El famoso festival de música electrónica Tomorrowland vivió uno de esos momentos que ponen a prueba todo: la organización, el espíritu del público, la tecnología, la música y hasta la metáfora misma de su nombre. Un incendio afectó seriamente la estructura principal del escenario, ese que todos los años es una especie de templo audiovisual con pantallas, fuegos, esculturas móviles y una escenografía que suele robarse la atención tanto como los DJs.

La pérdida fue enorme, se calcula que el montaje escénico perdió más del 90% de su capacidad visual, tecnológica y estructural, no hubo dragones mecánicos, ni portales dimensionales, ni altares electrónicos, el corazón estético de Tomorrowland, que siempre ha sido su imponente puesta en escena, quedó reducido a lo básico: luces, sonido, piso y un poco de humo. Al principio, parecía que el título del festival este año iba a ser literal: No tomorrow. (Sin un mañana)

Hay muchas cosas a considerar en este suceso, son demasiadas cosas, primero hablemos de la escena de la música electrónica, sobre todo en un espacio de estos, el más importante para el género.

Cuando se quemaron las pantallas, las estructuras se vinieron abajo y el escenario quedó en ruinas, quedó en evidencia algo que muchos piensan pero poco dicen… que en Tomorrowland, como en gran parte de la escena electrónica actual, la música es apenas el 10% del espectáculo. Lo demás es montaje, luces, humo, fuego y escenografía coreografiada al milímetro. Sin eso, lo que queda es un DJ en una tarima tocando pistas que, sin el envoltorio, suenan incluso genéricas.

Duro decirlo pero es cierto, la electrónica, tal como se consume en estos festivales, depende casi por completo del show. De pronto no se escuchaba peor, pero se sentía menos. La ausencia de pantallas, efectos y sincronía visual no solo afectó la experiencia estética, también dejó en el aire una pregunta incómoda: ¿qué tanto de lo que pagamos en un festival así es por la música en sí? ¿Y qué pasa cuando todo lo demás falla?

Pero lo que pasó después es algo que, incluso con todos los años de historia del festival, no estaba en el guion. La gente fue. Fue con el mismo entusiasmo. Fue sin pedir reembolsos. Fue incluso con más ganas que otros años, sin el artificio, la música quedó sola y ahí, curiosamente, volvió a brillar, lo que antes era una especie de parque temático musical con mil capas visuales, esta vez se convirtió en algo más cercano, más humano, más crudo.
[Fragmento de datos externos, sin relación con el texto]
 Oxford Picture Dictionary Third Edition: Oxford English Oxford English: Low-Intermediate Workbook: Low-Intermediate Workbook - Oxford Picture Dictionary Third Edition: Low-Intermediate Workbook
La escena era como salida de una película del apocalipsis, no de esas donde todo se acaba, sino de las que empiezan justo cuando todo parece estar perdido y las personas se reúnen, entre cenizas, a recordar por qué están vivas. La música electrónica, sin su catedral, sin su templo gigante, se quedó en esencia y esa esencia bastó por que Los DJs tocaron con fuerza, con entrega, la gente bailó sobre el polvo, con zapatillas empapadas y sin preocuparse por las pantallas que no estaban, se gritó más fuerte, se sintió más cerca, no fue perfecto, pero fue más real y en un mundo tan lleno de filtros y fuegos artificiales, tal vez eso era justo lo que se necesitaba.

Lo que pudo haber sido el fin de una edición, se transformó en su mayor símbolo, porque cuando ya no había escenografía, ni estructuras, ni fuego artificial, lo que quedó fue la comunidad, la música, y esa sensación de que después del desastre, todavía puede haber algo que te salve. Aunque sea por una noche. Aunque sea solo con un bajo, un beat, y un montón de gente decidida a no rendirse.